Can You Deduct Your Self-Directed IRA Contributions Deductible In 2015?

Being able to deduct your self-directed IRA contributions from your tax return can be a great incentive for you to maximize those contributions each year. But not all IRA contributions are deductible.

Roth vs. Traditional Self-Directed IRA. The first consideration in determining whether you can deduct your 2015 contributions to your self-directed IRA is whether your account is set up as a Roth account or as a traditional account. Contributions to Roth accounts are never deductible, and contributions to traditional IRAs are sometimes deductible.
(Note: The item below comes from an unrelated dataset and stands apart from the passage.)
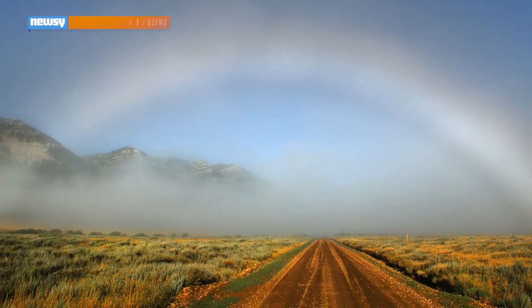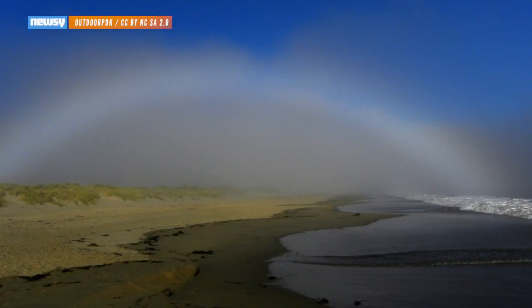So there are these cool little things called fog bows. They're rare. They're awesome. They're mystical. They're unicorns, basically. Okay, but what are they actually?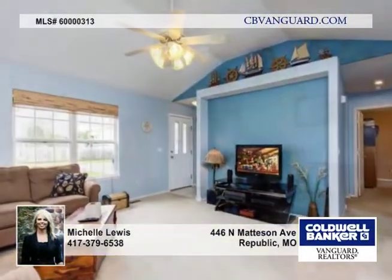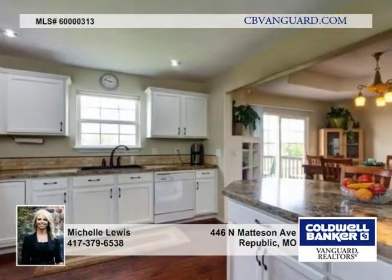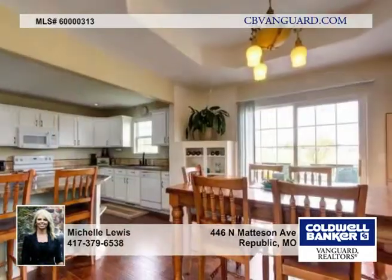Here's an immaculate 3-bedroom, 2-bath home with a backyard that backs up to the greenery of the park. It's been completely remodeled. The kitchen is amazing, light, bright, and open floor plan with a large living room.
Let’s examine the circumstances under which contributions to your traditional self-directed IRA can be deducted on your 2015 tax return.

You Aren’t Covered By an Employer Sponsored Retirement Plan. If you don’t participate in an employer retirement plan (such as a 401(k) plan, profit-sharing plan, SEP, SIMPLE-IRA or certain defined benefits plans that you participate in), then your contributions to your self-directed IRA will be fully deductible, regardless of your income, if either (a) your tax filing status is single or (b) you file a joint return with your spouse but your spouse is not covered by a retirement plan at their employer.

If you file a joint return but your spouse is covered by a retirement plan at their job, then you’ll be able to deduct the full value of your contribution if your joint income is $183,000 or less. You can take a partial deduction if your joint income is between $183,000 and $193,000, and no deduction is available if your joint income is $193,000 or more. For purposes of these income thresholds, it’s not your gross income, but your Modified Adjusted Gross Income (“MAGI”) that’s relevant.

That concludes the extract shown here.